══ Data provided

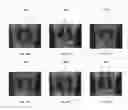 Fig. 26 - Chemically-selective, label free, microendoscopic system based on coherent anti-stokes raman scattering and microelectromechanical fiber optic probe
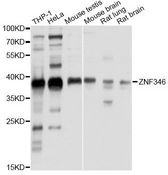 ZNF346 Antibody - Western blot analysis of extracts of various cell lines, using ZNF346 antibody at 1:1000 dilution. The secondary antibody used was an HRP Goat Anti-Rabbit IgG (H+L) at 1:10000 dilution. Lysates were loaded 25ug per lane and 3% nonfat dry milk in TBST was used for blocking. An ECL Kit was used for detection and the exposure time was 1s.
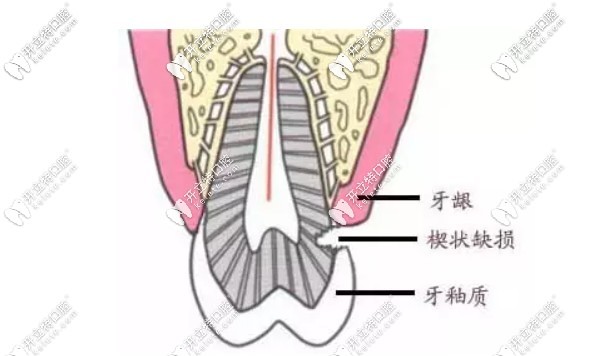 什么是楔状缺损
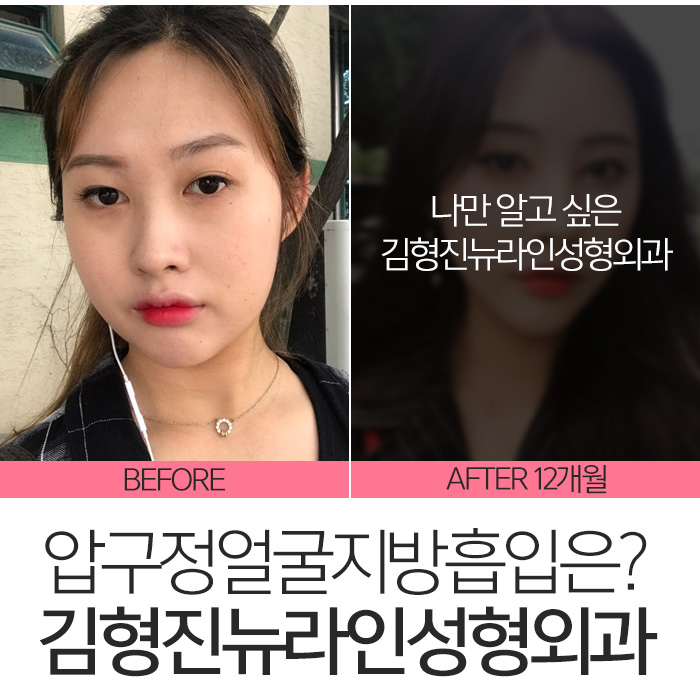 압구정얼굴지방흡입 잘한다고 했죠? 관련 이미지 3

════

▶ _What this task involves_:
Give back exactly the lines from the line with "ZNF346 Antibody - Western" through the end of the material above, inclusive, with no pictures.

▶ _Answer_:
 ZNF346 Antibody - Western blot analysis of extracts of various cell lines, using ZNF346 antibody at 1:1000 dilution. The secondary antibody used was an HRP Goat Anti-Rabbit IgG (H+L) at 1:10000 dilution. Lysates were loaded 25ug per lane and 3% nonfat dry milk in TBST was used for blocking. An ECL Kit was used for detection and the exposure time was 1s.
 什么是楔状缺损
 압구정얼굴지방흡입 잘한다고 했죠? 관련 이미지 3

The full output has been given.